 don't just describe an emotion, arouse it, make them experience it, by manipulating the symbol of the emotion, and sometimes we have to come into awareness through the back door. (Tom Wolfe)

...

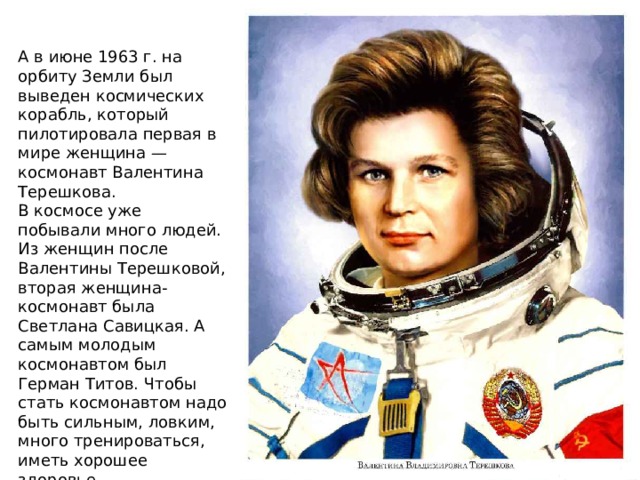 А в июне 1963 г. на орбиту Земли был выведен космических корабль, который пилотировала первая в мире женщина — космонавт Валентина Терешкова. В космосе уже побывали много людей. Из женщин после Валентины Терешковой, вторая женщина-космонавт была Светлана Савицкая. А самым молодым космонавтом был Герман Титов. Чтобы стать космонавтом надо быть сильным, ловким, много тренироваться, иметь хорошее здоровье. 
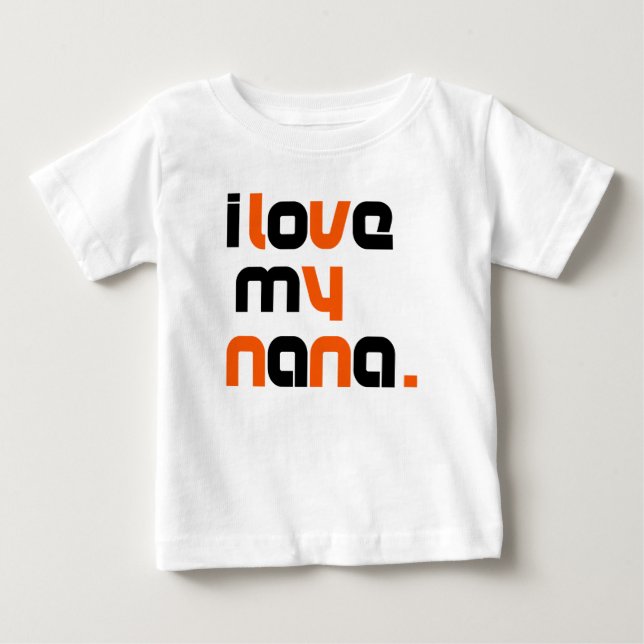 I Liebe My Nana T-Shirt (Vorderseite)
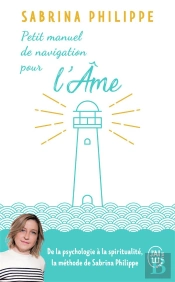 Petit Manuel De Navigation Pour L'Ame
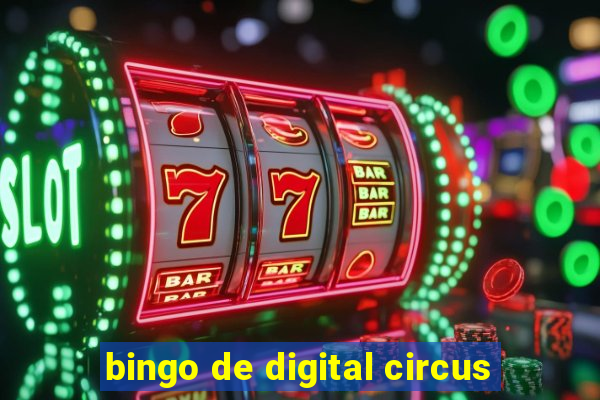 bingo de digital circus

---

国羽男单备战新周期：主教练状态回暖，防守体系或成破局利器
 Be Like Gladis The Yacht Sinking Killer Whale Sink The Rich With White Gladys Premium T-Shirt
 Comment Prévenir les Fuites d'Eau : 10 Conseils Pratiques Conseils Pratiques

### What you should do
Exercise for the records above: copy only the lines from the one with "I Liebe My Nana T-Shirt (Vorderseite)" to the one with "bingo de digital circus", both ends kept, and drop the pictures.

### Answer
 I Liebe My Nana T-Shirt (Vorderseite)
 Petit Manuel De Navigation Pour L'Ame
 bingo de digital circus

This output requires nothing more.